- Gartner forecasts MENA IT spending to reach $169 billion in 2026 — an 8.9% increase from 2025, driven by AI infrastructure, generative AI software, and cybersecurity investment.
- Software spending in MENA is growing 13.9% to $20.4 billion as organisations accelerate generative AI adoption — the fastest-growing segment in the region.
- The GCC — including the UAE — is identified by Gartner as the primary growth engine in the MENA forecast, leveraging stability and forward-looking digital policies to attract global technology investment.
- For UAE businesses, this forecast signals a clear direction: competitors and clients are investing in technology. Businesses that delay digital infrastructure risk falling behind.
- Middle East and Africa is projected to record 89% growth in sovereign cloud spending in 2026 — the highest of any region globally — directly relevant to UAE organisations evaluating cloud strategy.
Every year, Gartner publishes its IT spending forecast for the MENA region — and every year, the same pattern emerges: the numbers go up, the Gulf leads, and the gap between digitally mature businesses and laggards widens.
The 2026 forecast is the most significant in years. MENA IT spending is projected to hit $169 billion — an 8.9% increase from 2025. Behind that number is a story about where the UAE and Gulf region is heading, what technology decisions are being prioritised, and what it means for any business operating here.
This article breaks down the forecast by category and translates each number into practical implications for UAE business owners, IT managers, and decision makers.
The numbers at a glance
"The MENA region is rapidly emerging as a global tech powerhouse, with the GCC leveraging its stability, infrastructure and forward-looking policies to attract global partners and build digital skills."
— Mim Burt, Practice VP, GartnerWhat each spending category means for UAE businesses
AI infrastructure and software — the dominant driver
Gartner identifies generative AI as the primary force behind the forecast upgrade. Software spending in MENA is growing 13.9% to $20.4 billion — faster than any other category — as organisations embed AI capabilities into enterprise applications, productivity tools, and developer platforms. For UAE businesses, this means the AI tools your competitors are evaluating today will be standard operating procedure within 18 months. Waiting to adopt AI tools is not a neutral position — it is a falling-behind position. See our guide on what AI actually does for UAE businesses in 2026 — cutting through the hype.

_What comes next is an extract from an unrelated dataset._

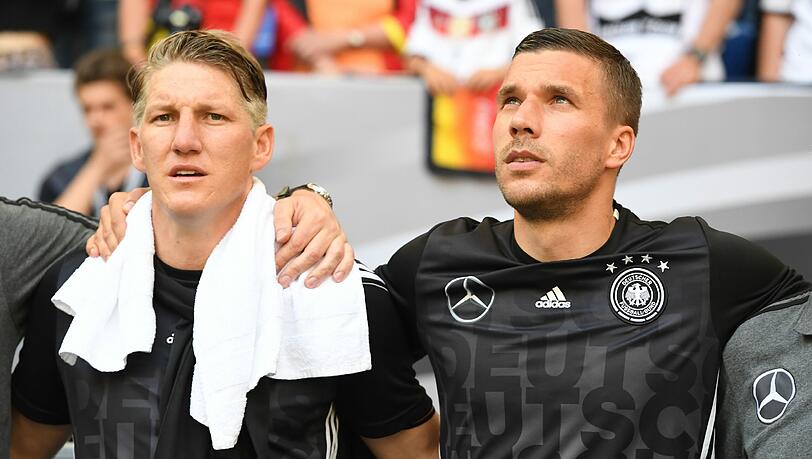 Der gemeinsame Weg der Lausbuben Schweinsteiger (l.) und Podolski begann 2004. Der gemeinsame Weg der Lausbuben Schweinsteiger (l.) und Podolski begann 2004.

Cybersecurity — $4 billion and growing
Information security spending in MENA is projected to reach $4 billion in 2026 — a 10.1% increase from 2025. Gartner notes that persistent threat environments and rapid cloud adoption are keeping security at the top of MENA CISO budgets. For UAE businesses, this means your clients, partners, and procurement teams are increasingly asking about your cybersecurity posture before signing contracts. A business without basic security infrastructure is a liability in the supply chain. See our complete guide: How UAE Business Owners Can Protect Their Website and IT Assets in 2026 and our companion article on what the $4 billion MENA cybersecurity forecast means specifically.
Sovereign cloud — 89% growth in MEA
Middle East and Africa is projected to record 89% growth in sovereign cloud IaaS spending in 2026 — the highest growth rate of any region globally. Sovereign cloud refers to cloud infrastructure where data processing and storage remain within defined geographic or regulatory boundaries. For UAE businesses operating under TDRA digital infrastructure requirements, and for organisations serving Saudi clients under PDPL, sovereign cloud is moving from a compliance consideration to a procurement requirement. Gartner projects that by 2030, more than 75% of Middle Eastern enterprises will move virtual workloads to reduce geopolitical risk.
Data centre and infrastructure — AI compute driving acceleration
Data centre system spending is accelerating as MENA CIOs invest in AI-enabled software and AI-optimised infrastructure. This is largely driven by governments, hyperscalers, and technology providers — but it signals the broader infrastructure modernisation happening across the region. For UAE businesses running on ageing server infrastructure or shared hosting environments, the question is increasingly whether their infrastructure can support the AI-enabled tools their business needs. See our guide on why UAE enterprises are moving to Red Hat Enterprise Linux for context on enterprise infrastructure modernisation.
IT services — managed services and implementation
IT services — including application implementation, managed services, and infrastructure management — remain the largest overall spending category globally, surpassing $1.87 trillion in 2026. In the UAE context, this reflects the growing demand for professional IT services as businesses move from managing infrastructure in-house to engaging managed service providers for hosting, security monitoring, and application management. For SMEs in the UAE, this is the most accessible point of entry into the technology growth story — professional IT services that handle complexity on your behalf.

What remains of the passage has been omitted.